Smith seemed more comfortable addressing race in passing around consumptive questions such as housing, medical care, unemployment benefits, and the general welfare state. Race ought to be addressed centrally in our analysis and prescriptions on fighting capitalism. If we do not give the struggle against white supremacy and patriarchy a prominent role in our resistance to capital, we are likely to breed cynicism and detachment from movements such as Occupy – which largely did not resonate with racialized people in the US and Canada. Many racialized workers and communities saw the Occupy movement as being about the business of white people.
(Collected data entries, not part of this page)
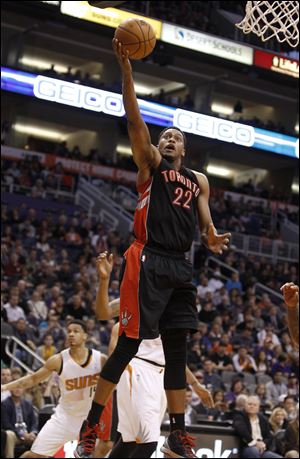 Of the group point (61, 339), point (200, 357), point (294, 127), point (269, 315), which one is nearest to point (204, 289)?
point (269, 315)

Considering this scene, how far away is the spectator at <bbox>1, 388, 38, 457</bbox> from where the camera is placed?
10.5m

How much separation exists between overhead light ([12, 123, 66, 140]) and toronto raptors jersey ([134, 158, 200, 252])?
26.4 metres

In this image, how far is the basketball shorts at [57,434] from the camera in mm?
8867

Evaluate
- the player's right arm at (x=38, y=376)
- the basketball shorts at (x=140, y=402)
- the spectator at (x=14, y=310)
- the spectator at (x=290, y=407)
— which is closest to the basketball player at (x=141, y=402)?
the basketball shorts at (x=140, y=402)

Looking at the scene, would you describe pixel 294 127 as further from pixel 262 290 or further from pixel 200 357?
pixel 200 357

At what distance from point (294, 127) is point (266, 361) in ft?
59.8

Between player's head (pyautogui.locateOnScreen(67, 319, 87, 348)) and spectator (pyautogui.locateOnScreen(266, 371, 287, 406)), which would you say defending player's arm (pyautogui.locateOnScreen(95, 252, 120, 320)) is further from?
spectator (pyautogui.locateOnScreen(266, 371, 287, 406))

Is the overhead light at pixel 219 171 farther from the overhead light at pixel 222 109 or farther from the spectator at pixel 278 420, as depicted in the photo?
the spectator at pixel 278 420

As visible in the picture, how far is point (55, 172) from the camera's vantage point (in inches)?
1049

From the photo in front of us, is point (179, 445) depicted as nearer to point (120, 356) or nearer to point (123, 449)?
point (120, 356)

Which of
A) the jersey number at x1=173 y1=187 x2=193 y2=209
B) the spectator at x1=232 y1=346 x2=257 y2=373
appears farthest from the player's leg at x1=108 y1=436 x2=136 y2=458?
the spectator at x1=232 y1=346 x2=257 y2=373

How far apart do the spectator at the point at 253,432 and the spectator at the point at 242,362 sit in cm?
496

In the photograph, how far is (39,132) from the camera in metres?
33.2

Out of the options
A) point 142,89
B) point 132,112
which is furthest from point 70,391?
point 142,89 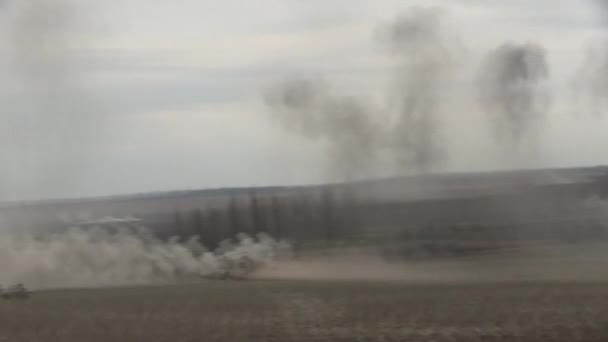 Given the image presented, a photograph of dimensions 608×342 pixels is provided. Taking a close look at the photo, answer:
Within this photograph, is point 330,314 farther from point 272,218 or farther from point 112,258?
point 272,218

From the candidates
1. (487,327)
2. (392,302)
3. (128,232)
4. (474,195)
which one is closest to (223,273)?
(128,232)

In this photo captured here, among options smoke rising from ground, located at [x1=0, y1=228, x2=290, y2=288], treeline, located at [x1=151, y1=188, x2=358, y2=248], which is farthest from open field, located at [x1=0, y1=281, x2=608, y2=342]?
treeline, located at [x1=151, y1=188, x2=358, y2=248]

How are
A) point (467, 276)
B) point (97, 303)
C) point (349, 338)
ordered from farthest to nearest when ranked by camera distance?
point (467, 276) < point (97, 303) < point (349, 338)

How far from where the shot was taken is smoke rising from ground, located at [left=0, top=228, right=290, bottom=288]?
99.8 meters

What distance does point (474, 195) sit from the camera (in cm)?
11388

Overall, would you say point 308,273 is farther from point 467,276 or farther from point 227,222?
point 227,222

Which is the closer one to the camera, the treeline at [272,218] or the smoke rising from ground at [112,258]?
the smoke rising from ground at [112,258]

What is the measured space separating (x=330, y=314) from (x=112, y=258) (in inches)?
2059

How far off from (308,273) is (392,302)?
29.4 m

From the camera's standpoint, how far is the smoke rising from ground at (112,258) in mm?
99750

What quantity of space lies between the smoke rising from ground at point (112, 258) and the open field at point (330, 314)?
2123cm

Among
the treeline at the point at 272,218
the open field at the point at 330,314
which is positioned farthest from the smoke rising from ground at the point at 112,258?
the open field at the point at 330,314

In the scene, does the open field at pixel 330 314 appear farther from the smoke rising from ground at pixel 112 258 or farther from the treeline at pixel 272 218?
the treeline at pixel 272 218

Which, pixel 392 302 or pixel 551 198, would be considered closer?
pixel 392 302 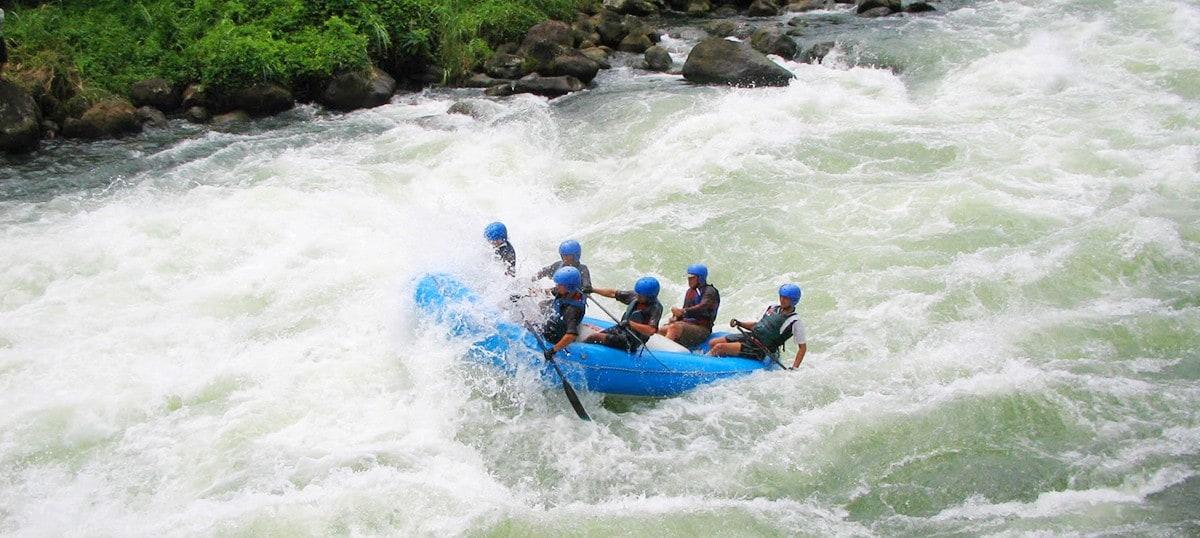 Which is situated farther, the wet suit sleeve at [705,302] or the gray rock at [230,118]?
the gray rock at [230,118]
Racialized workers experienced the devastation of the sub-prime housing catastrophe, unemployment rates that are usually twice that of whites, massive deindustrialization in the central cities, mass incarceration of racialized men and women, limited investment in urban physical and social infrastructure, and other social ills without an outcry from white so-called progressive social movements. If we are interested in real class struggle, we cannot ignore the impact of white supremacist and patriarchal ideas and policies in society and in the lives of the racialized members of the working class.

* Ajamu Nangwaya, PhD, is an academic worker in Toronto, Canada, and an organizer with the Network for Pan-Afrikan Solidarity.